The AI boom has enabled new players like Midjourney and Stable Diffusion to capture Adobe's existing customer base, such as creative professionals already using Photoshop.
The company, based in San Jose, California, also responded by actively developing its own technology and integrating it into its existing app portfolio. They also assured customers that the images created were legal.
| Adobe says users have used its tools to create a total of 3 billion images, with 1 billion created in September 2023 alone. |
Meanwhile, Adobe's new tool, announced on October 10th, called "Creative Blending," works beyond the basic principle of creating images based on text prompts and also allows users to upload 10-20 images as reference points for the final product.
Ely Greenfield, Adobe's Chief Digital Media Officer, said the company aims to enable major brands to upload images of products or people, then use AI generation technology to automatically create hundreds or thousands of images for various purposes such as social media, websites, advertising, or print.
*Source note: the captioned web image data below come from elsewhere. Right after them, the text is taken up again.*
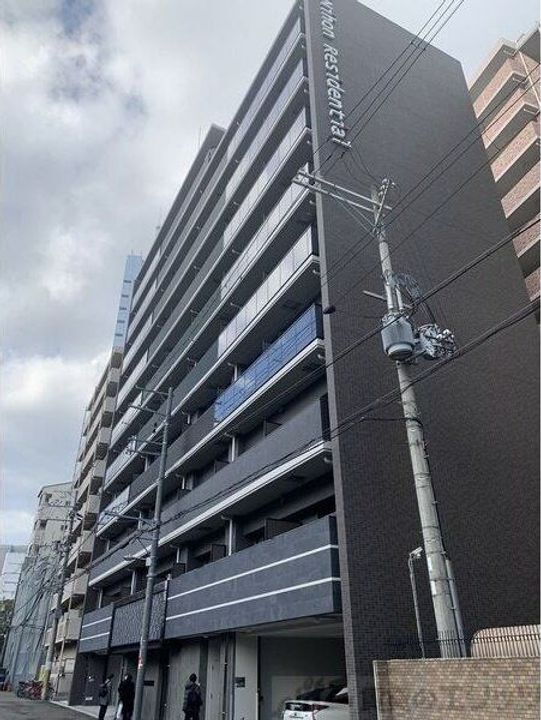 プライマル新大阪 10階建
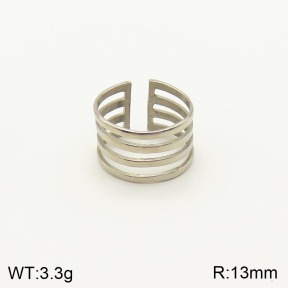 2R2000954bhva-226  6-10#  Stainless Steel Ring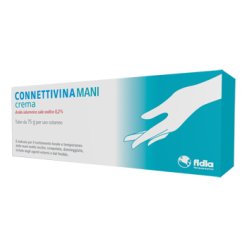Connettivina Mani - Crema Idratante Mani - 75 g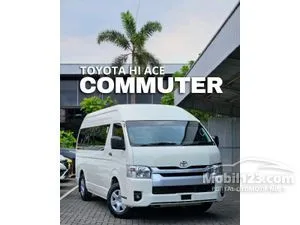 2026 Toyota Hiace 3.0 Commuter Van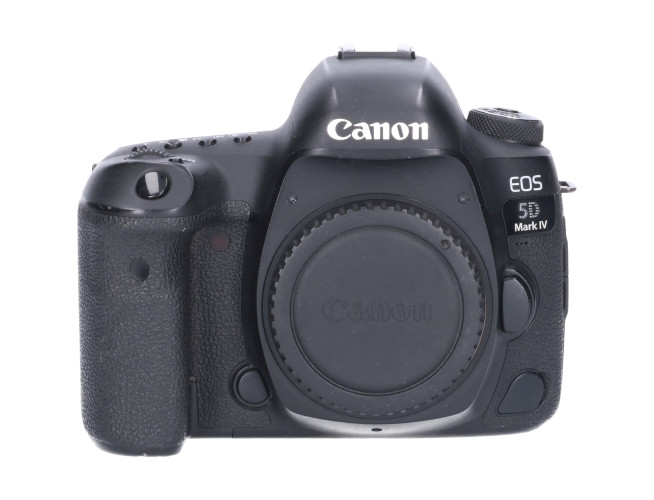 Tweedehands Canon EOS 5D Mark IV Body CM9222
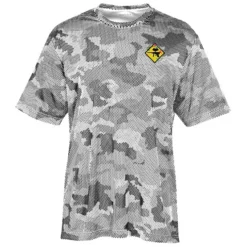 Challenger Camo Performance Tee - Men's - Embroidered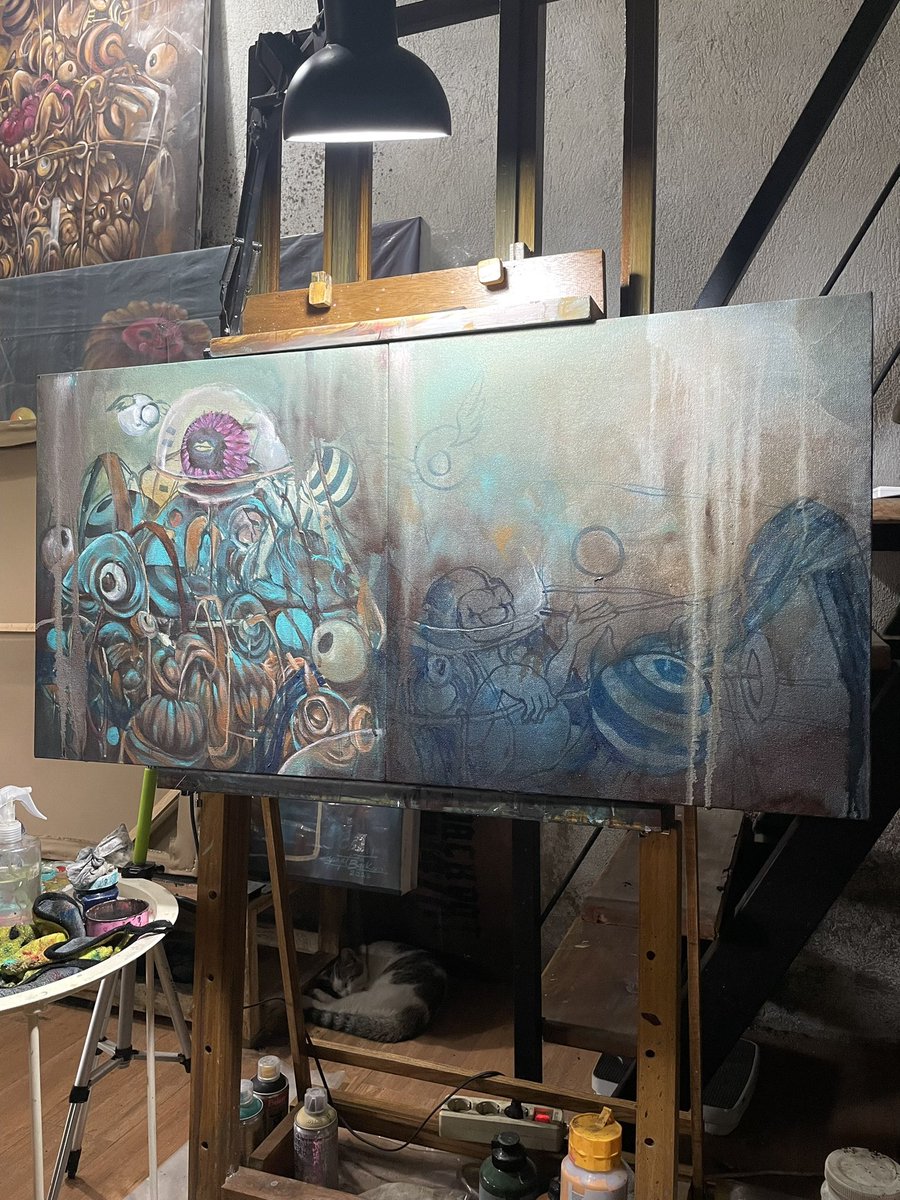 February 💙

#nft #nftart #CleanNFT #XTZ   #NFTs #earhole #NFTCollection #NFTCommunity #NFTartist #Solana #SolanaCommunity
“Just a few months ago, this entire process was still a manual one, from taking the picture to processing the image,” Greenfield said. “A segment of the industry will shift to virtual photography, creating images using computers. It may not be the entire industry, but a large part will. Users will still take the picture or do the traditional creative work, but then they can apply AI-generated technology to produce the final product.”
Also on October 10th, Adobe released a vector graphics tool that is easily resizable and commonly used in logo and product label design, as well as other marketing tasks.